Structural Condition Monitoring Using Deep Learning on a Metallic Part Fabricated by Additive Manufacturing

Abstract

Additive manufacturing (AM) was originally developed to manufacture polymer prototypes. Today, it has been used for the manufacturing of many critical machine components. Most of the structural health monitoring (SHM) methods were developed for monitoring the condition of large and thin plates on airplane fuselages. Additively manufactured parts are generally small, thick, and have complex geometries. SHM methods have been improved to sense load, detect defects, and identify loose bolts with the help of a permanently installed sensor. In this study, the adaptability of SHM methods was researched with additively manufactured metal parts with complex geometry.
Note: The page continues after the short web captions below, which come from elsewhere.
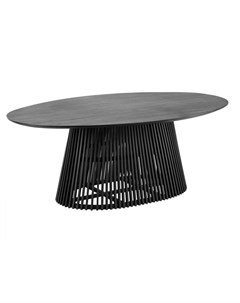 Овальный стол irune черный 200x78x120 см La forma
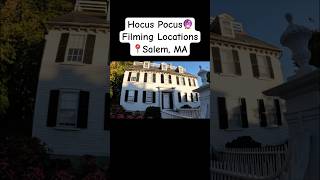 Visiting Hocus Pocus Filming Locations in Salem ￼Massachusetts 🔮 [upl. by Nylsoj]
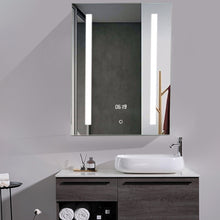 Load image into Gallery viewer, LED Illuminated Bathroom Mirror Cabinet with Touch Switch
Magnets were used to apply pressure to 9 different locations on the surface of a stainless steel additively manufactured thick plate with deep groves. SHM was used to estimate the magnets’ location. Many SHM (Lamb wave) methods cannot work on smaller parts since their dimensions are shorter or very close to the wavelength of the created oscillations. Surface response to excitation (SuRE) method which has similar characteristics to electromechanical impedance methods was used for data collection. To obtain descriptive features of the time domain data, fast Fourier transformation (FFT), short-time Fourier transformation (STFT), continuous wavelet transformation (CWT), and synchrosqueezing transform (SST) were applied to CWT. 1D and 2D convolutional neural networks (CNN) were used to classify the cases. When CNN was optimized for the analysis of our data, 100% location estimation accuracy was obtained by using 50% of 320 scalograms for training. The scalograms were obtained by enhancing the CWT results with SST. STFT-CNN combination was the second best. It obtained 95% accuracy with the same number of spectrograms and training allocation.